What needs to be done:
From the records below, print exactly the lines starting at the one containing "Caruso V-neck Polo In Gray" and ending at the one containing "3D Wall Panels", ends included, and nothing else.

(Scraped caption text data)
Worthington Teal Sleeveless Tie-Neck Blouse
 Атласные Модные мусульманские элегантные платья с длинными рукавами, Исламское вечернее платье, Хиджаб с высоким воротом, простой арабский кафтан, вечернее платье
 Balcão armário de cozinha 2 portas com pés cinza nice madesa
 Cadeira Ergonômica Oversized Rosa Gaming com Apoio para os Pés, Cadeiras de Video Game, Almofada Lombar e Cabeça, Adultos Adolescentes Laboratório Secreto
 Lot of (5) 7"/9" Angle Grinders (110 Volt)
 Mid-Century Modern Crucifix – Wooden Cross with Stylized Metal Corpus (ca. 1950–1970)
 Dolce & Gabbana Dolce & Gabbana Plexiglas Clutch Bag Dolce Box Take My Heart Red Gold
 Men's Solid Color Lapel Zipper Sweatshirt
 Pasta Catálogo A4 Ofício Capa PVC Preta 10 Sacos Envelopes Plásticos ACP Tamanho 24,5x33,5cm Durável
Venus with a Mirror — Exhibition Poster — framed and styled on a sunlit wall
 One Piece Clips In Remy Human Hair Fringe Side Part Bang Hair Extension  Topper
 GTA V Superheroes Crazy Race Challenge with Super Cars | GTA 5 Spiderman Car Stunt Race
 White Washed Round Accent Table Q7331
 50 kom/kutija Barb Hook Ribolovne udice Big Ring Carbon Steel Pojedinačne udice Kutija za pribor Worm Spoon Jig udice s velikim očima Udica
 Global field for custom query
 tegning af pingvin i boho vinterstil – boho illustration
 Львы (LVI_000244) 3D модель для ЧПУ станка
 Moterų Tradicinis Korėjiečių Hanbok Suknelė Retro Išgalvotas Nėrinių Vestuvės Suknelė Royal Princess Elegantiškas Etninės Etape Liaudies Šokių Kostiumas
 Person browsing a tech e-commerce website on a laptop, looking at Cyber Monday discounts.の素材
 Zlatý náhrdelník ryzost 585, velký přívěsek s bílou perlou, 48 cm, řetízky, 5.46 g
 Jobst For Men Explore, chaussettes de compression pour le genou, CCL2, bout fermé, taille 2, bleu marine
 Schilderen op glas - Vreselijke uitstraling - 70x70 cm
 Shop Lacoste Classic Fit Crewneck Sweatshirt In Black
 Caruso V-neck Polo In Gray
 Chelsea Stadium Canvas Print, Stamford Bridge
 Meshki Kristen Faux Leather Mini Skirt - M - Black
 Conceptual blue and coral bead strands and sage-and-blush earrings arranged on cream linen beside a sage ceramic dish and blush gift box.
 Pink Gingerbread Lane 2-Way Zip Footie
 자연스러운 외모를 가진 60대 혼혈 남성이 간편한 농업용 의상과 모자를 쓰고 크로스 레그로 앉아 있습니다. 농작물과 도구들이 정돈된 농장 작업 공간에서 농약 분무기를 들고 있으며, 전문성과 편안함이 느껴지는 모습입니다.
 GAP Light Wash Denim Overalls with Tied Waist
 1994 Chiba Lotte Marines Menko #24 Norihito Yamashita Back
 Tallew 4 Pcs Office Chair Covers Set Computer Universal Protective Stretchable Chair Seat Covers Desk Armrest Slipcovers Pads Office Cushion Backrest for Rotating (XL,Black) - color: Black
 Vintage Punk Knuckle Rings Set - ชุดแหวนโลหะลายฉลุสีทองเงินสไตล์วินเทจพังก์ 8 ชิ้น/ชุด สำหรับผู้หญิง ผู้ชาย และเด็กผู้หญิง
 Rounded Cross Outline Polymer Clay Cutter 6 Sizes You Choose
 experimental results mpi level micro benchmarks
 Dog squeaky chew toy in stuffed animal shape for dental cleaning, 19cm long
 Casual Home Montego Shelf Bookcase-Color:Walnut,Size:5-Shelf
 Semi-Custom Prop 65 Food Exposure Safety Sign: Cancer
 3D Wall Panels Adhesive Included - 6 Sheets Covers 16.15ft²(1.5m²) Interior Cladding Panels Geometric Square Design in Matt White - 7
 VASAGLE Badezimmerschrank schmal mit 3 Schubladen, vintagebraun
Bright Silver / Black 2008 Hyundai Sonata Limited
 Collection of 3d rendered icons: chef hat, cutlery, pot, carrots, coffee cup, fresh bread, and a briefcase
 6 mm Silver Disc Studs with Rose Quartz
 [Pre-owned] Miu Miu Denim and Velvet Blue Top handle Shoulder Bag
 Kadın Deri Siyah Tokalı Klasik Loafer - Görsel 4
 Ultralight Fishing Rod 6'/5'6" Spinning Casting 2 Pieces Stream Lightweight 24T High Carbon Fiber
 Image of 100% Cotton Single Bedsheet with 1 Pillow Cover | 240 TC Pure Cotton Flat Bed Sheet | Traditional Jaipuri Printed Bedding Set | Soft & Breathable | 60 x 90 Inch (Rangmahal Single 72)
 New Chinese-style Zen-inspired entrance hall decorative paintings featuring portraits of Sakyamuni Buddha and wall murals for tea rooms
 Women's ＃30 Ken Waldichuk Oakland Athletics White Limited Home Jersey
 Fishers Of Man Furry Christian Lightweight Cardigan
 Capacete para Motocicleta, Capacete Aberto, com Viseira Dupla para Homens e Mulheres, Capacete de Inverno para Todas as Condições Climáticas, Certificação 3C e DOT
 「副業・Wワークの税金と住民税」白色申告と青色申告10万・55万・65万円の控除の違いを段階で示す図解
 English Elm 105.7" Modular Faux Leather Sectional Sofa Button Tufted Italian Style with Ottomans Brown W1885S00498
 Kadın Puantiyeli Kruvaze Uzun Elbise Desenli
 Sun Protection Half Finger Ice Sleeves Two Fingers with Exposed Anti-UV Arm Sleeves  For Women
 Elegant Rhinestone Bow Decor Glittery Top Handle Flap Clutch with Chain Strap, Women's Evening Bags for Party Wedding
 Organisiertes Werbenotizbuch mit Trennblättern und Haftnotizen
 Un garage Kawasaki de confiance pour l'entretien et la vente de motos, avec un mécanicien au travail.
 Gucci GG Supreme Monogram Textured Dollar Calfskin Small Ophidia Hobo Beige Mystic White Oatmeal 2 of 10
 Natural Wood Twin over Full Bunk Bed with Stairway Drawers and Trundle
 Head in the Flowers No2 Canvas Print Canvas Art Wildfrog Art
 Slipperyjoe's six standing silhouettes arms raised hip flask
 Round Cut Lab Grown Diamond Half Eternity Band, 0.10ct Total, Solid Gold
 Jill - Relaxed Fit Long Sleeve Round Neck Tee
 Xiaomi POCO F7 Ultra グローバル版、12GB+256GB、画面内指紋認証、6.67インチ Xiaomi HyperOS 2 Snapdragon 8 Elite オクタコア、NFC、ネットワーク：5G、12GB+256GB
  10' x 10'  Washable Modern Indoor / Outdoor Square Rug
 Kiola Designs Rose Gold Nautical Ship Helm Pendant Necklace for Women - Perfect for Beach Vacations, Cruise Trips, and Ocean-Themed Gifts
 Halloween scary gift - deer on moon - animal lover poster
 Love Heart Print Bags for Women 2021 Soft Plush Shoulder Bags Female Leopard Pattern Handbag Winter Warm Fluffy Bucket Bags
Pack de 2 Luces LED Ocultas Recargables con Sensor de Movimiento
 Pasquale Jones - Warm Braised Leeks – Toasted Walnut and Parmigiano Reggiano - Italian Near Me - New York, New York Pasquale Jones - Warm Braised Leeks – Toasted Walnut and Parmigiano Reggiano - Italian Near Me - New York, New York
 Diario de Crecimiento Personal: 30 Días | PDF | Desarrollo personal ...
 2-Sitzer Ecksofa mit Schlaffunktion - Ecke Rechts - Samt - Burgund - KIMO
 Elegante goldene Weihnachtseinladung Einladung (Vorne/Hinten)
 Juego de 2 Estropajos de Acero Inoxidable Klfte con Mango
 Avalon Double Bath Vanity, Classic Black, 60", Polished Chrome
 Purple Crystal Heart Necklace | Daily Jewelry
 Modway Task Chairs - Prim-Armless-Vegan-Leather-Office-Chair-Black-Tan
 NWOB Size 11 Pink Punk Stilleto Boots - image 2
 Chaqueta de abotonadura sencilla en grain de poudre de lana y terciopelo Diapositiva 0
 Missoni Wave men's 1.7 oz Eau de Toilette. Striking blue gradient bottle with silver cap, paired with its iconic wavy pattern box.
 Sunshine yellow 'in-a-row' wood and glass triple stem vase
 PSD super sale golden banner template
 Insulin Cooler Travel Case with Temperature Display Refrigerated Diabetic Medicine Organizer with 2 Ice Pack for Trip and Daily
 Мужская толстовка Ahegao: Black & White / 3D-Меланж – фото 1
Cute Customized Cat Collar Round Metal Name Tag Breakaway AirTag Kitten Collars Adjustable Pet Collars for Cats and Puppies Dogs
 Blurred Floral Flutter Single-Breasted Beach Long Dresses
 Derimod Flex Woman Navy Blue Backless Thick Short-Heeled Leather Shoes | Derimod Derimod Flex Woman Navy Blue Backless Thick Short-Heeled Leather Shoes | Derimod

Result for this task:
 Caruso V-neck Polo In Gray
 Chelsea Stadium Canvas Print, Stamford Bridge
 Meshki Kristen Faux Leather Mini Skirt - M - Black
 Conceptual blue and coral bead strands and sage-and-blush earrings arranged on cream linen beside a sage ceramic dish and blush gift box.
 Pink Gingerbread Lane 2-Way Zip Footie
 자연스러운 외모를 가진 60대 혼혈 남성이 간편한 농업용 의상과 모자를 쓰고 크로스 레그로 앉아 있습니다. 농작물과 도구들이 정돈된 농장 작업 공간에서 농약 분무기를 들고 있으며, 전문성과 편안함이 느껴지는 모습입니다.
 GAP Light Wash Denim Overalls with Tied Waist
 1994 Chiba Lotte Marines Menko #24 Norihito Yamashita Back
 Tallew 4 Pcs Office Chair Covers Set Computer Universal Protective Stretchable Chair Seat Covers Desk Armrest Slipcovers Pads Office Cushion Backrest for Rotating (XL,Black) - color: Black
 Vintage Punk Knuckle Rings Set - ชุดแหวนโลหะลายฉลุสีทองเงินสไตล์วินเทจพังก์ 8 ชิ้น/ชุด สำหรับผู้หญิง ผู้ชาย และเด็กผู้หญิง
 Rounded Cross Outline Polymer Clay Cutter 6 Sizes You Choose
 experimental results mpi level micro benchmarks
 Dog squeaky chew toy in stuffed animal shape for dental cleaning, 19cm long
 Casual Home Montego Shelf Bookcase-Color:Walnut,Size:5-Shelf
 Semi-Custom Prop 65 Food Exposure Safety Sign: Cancer
 3D Wall Panels Adhesive Included - 6 Sheets Covers 16.15ft²(1.5m²) Interior Cladding Panels Geometric Square Design in Matt White - 7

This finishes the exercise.